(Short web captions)
::::
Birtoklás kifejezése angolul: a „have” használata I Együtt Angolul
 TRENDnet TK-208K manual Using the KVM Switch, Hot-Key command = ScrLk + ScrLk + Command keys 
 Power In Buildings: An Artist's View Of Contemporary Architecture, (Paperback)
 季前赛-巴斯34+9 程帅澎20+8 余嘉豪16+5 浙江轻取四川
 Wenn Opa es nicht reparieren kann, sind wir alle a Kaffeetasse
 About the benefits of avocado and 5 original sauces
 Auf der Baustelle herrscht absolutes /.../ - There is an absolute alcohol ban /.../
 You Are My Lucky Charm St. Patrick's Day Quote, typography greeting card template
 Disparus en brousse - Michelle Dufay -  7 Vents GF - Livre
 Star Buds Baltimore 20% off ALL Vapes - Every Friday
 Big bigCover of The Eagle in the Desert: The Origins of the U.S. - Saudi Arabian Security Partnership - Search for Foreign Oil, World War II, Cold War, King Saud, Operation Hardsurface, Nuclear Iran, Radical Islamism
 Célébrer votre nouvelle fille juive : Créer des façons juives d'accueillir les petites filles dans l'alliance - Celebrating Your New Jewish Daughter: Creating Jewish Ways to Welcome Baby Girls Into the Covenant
::::
**What is being asked**: Look above for the line with "Auf der Baustelle" and the line with "Star Buds Baltimore". Retype those two lines and every line between them exactly, adding nothing.

**Result below**:
 Auf der Baustelle herrscht absolutes /.../ - There is an absolute alcohol ban /.../
 You Are My Lucky Charm St. Patrick's Day Quote, typography greeting card template
 Disparus en brousse - Michelle Dufay -  7 Vents GF - Livre
 Star Buds Baltimore 20% off ALL Vapes - Every Friday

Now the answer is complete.